Note that it may be necessary to rename some variables or invariants.

Flattening machines.png

About the variables

Some variables are needed by several sub-machines of the decomposition. As a consequence, these variables shall be replicated in the sub-machines. Beyond that, since it is not possible to ensure that such a variable will be refined in the same way in each sub-machine, they shall be given a special status (shared variable), with the limitation that they cannot be refined.

We will specify in this section how to introduce the notion of shared variable in the Rodin platform, and how to check the associated rules.

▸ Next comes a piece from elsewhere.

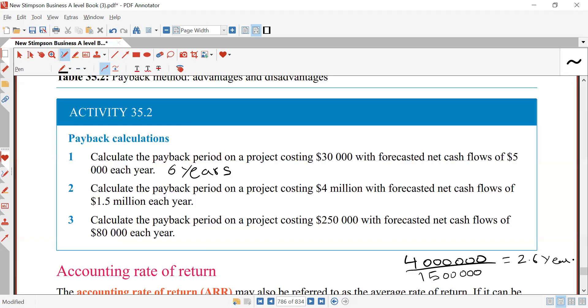Further limitations of the payback period: it does not account for changes in the economic environment that could affect cash flows, such as inflation, interest rates, or market demand. Changes in laws and regulations can also impact profitability and cash flows, but the payback period fails to consider these potential shifts.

Defining a variable as shared

The following DTD excerpt describes the structure of a variable in the Rodin database:

<!ENTITY % NameAttDecl "name CDATA #REQUIRED">
<!ENTITY % CommentAttDecl "org.eventb.core.comment CDATA #IMPLIED">
<!ENTITY % IdentAttDecl "org.eventb.core.identifier CDATA #REQUIRED">

<!ELEMENT %variable; EMPTY>
<!ATTLIST %variable;
  %NameAttDecl;
  %CommentAttDecl;
  %IdentAttDecl;
  >

A first possibility to tag a variable as shared would be to add a shared specific attribute, which would be set to true if and only if the variable is shared:

<ENTITY % shared "org.eventb.core.shared CDATA #REQUIRED">

<!ELEMENT %variable; EMPTY>
<!ATTLIST %variable;
  ...
  %shared; (false|true) #REQUIRED
  >

Another possibility would be to define a more generic attribute, which could take different values, according to the nature of the variable:

<ENTITY % nature "org.eventb.core.nature CDATA #REQUIRED">

<!ATTLIST %variable;
  ...
  %nature; (0|1) #REQUIRED
  >

The second option, which has the main advantage to be more scalable, is retained here.

Ensuring that a shared variable is not data-refined

A shared variable shall always be present in the state space of any refinement of the component. The verification shall be added to those already performed by the static checker. The static checker shall have a way to determine if a given variable is shared or not.

Partitioning the variables in the sub-machines of the decomposition

The first question raised by the partition of the variables is whether it shall be the first stage of the decomposition, or not. Let's first suppose that the answer is "yes". The case where e is an event that accesses a variable v1 associated to a sub-machine M1 and a variable v2 associated to a sub-machine M2 cannot be successfully handled: should e be associated to M1 or to M2? Moreover, contrary to the events, the variables are not essentially bearers of meanings, and they cannot by themselves guide the decomposition.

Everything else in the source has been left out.